Padroeiras dos oleiros e dos ceramistas.
As Santas Justa e Rufina são duas irmãs mártires da Igreja que testemunharam sua fé em Jesus Cristo com coragem durante a perseguição aos cristãos no Império Romano. Celebradas em 19 de julho, são veneradas como padroeiras dos oleiros, ceramistas e vendedores de cerâmica, tornando-se exemplo de fidelidade, fortaleza e amor incondicional a Deus.
Justa e Rufina nasceram em Sevilha, na Espanha, por volta dos anos 268 e 270, em uma família humilde, porém profundamente cristã. Ainda muito jovens perderam os pais e passaram a sustentar-se fabricando e vendendo peças de cerâmica.
Amigas da oração e da vida sacramental, participavam frequentemente da Santa Missa e dedicavam longos momentos ao diálogo com Deus. Além do trabalho honesto, distinguiam-se pela caridade para com os pobres e pelo ardente desejo de anunciar o Evangelho e conduzir os pagãos ao conhecimento da verdadeira fé.
Segundo a tradição, durante uma festividade pagã em honra da deusa Vênus, algumas mulheres aproximaram-se das duas irmãs pedindo uma oferta para a celebração e exigindo que prestassem culto ao ídolo. Justa e Rufina recusaram-se firmemente a participar daquele ato de idolatria e, em seguida, destruíram a imagem de barro da falsa divindade.
O gesto provocou a ira dos presentes, que as entregaram às autoridades romanas.
Conduzidas diante de Diogeniano, prefeito de Sevilha, foram interrogadas e ameaçadas com terríveis torturas caso não renunciassem à fé cristã. Com admirável coragem, responderam:
"Essa que chamam de deusa Salambona nada mais é do que um simples objeto de barro. Nós adoramos somente o único Deus verdadeiro, Criador do céu e da terra, e Jesus Cristo, seu Filho, que morreu e ressuscitou para nossa salvação."

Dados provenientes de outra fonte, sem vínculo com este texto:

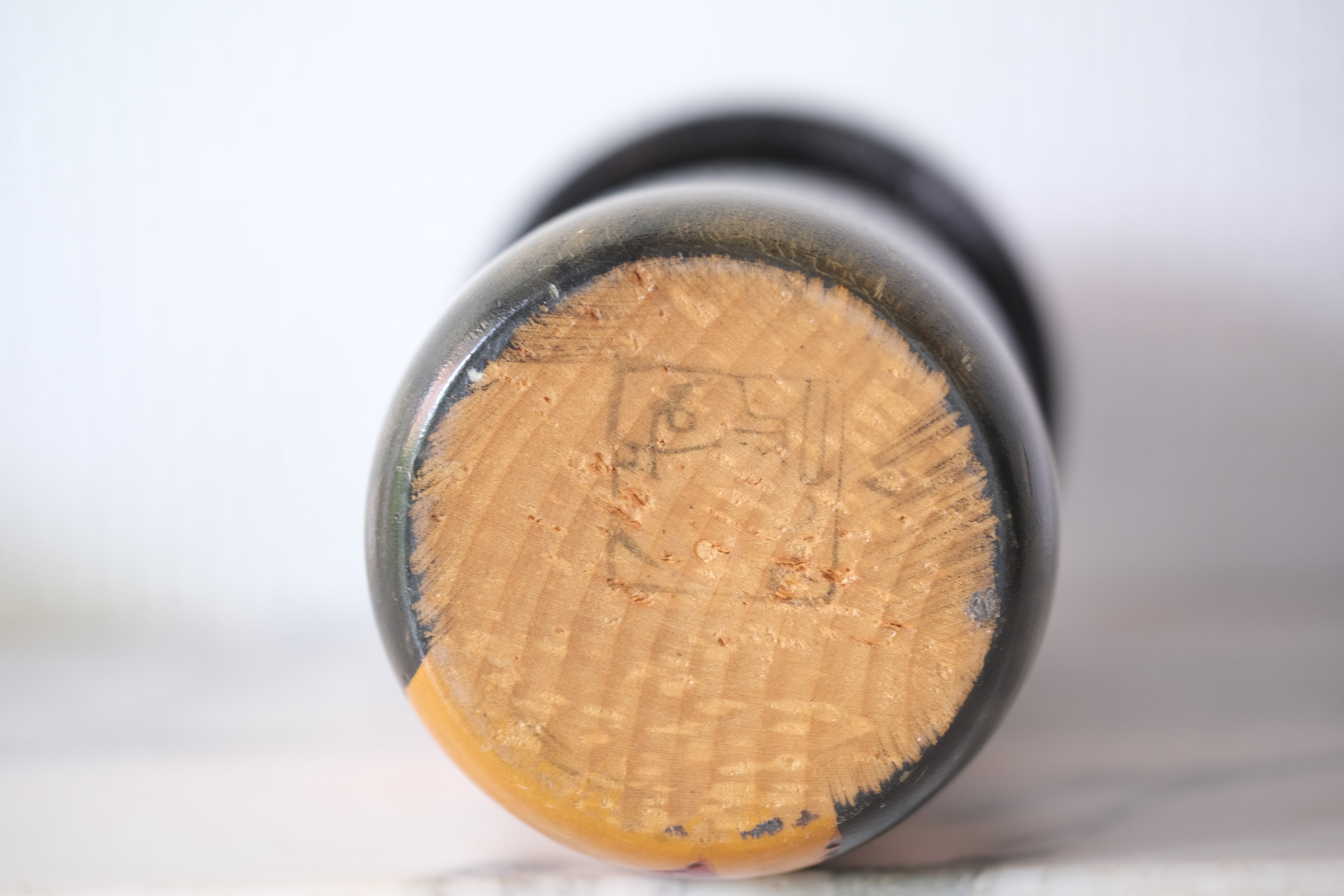 Rare Vintage Gumma Kokeshi by Kazuo Takamizawa 高見沢一夫 (1927-) | 21,5 cm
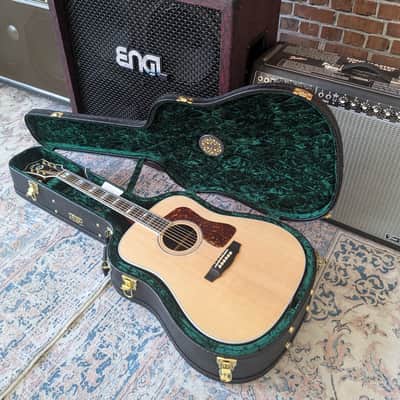 Guild USA D-55 Dreadnought Acoustic Guitar - Natural image 9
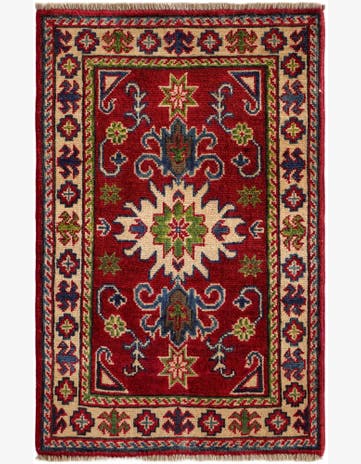 1' 11 x 3' 1 Hand Knotted Kazak Rug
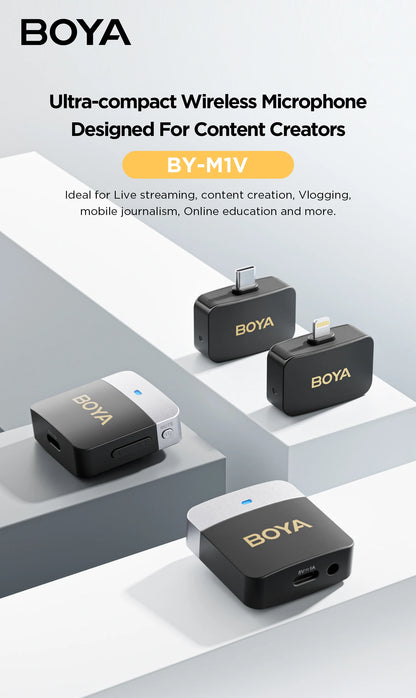 BOYA BY-M1V Wireless Lavalier Microphone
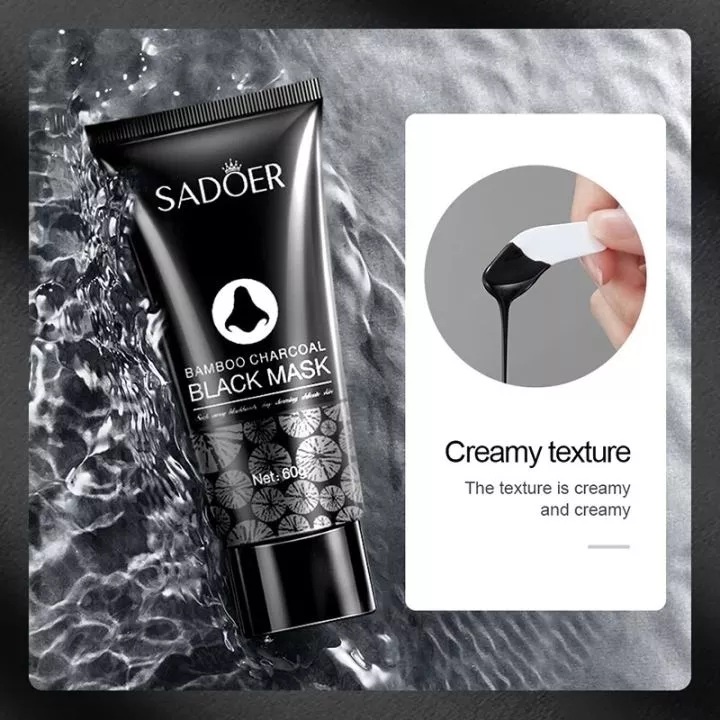 Hope Store - Sadoer Black Mask Masker Komedo Charcoal Blackhead Remover Import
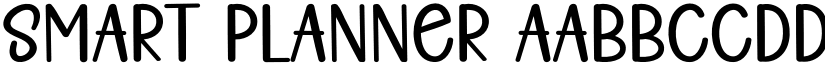 Smart Planner font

Diante da firmeza das jovens, tiveram início os suplícios. Após suportar inúmeros tormentos, Santa Justa morreu na prisão, por volta do ano 290, debilitada pelos maus-tratos. Pouco depois, Santa Rufina foi condenada à morte e decapitada por ordem de Diogeniano.
Desde os primeiros séculos, ambas passaram a ser veneradas como grandes mártires da Igreja. Foram proclamadas padroeiras de Sevilha, dos oleiros, dos ceramistas e de todos os que trabalham com a arte da cerâmica.
Durante a invasão muçulmana da Península Ibérica, em 711, suas relíquias foram escondidas para evitar sua profanação. Séculos mais tarde, foram redescobertas em Alcalá de los Gazules, na província de Cádis. Em Sevilha, a tradição conserva ainda o local onde teriam permanecido presas antes do martírio.
O testemunho de Santas Justa e Rufina continua recordando aos cristãos que nenhuma pressão do mundo deve ser maior do que a fidelidade a Cristo. Sua coragem diante da perseguição permanece como exemplo luminoso de firmeza na fé e confiança absoluta em Deus.
Que o exemplo de Santas Justs e Rufina fortelça nossa fé, aumente nossa coragem diante das dificuldades e nos ajude a permanecer sempre fiéis a Jeus Cristo, mesmo nas maiores provações.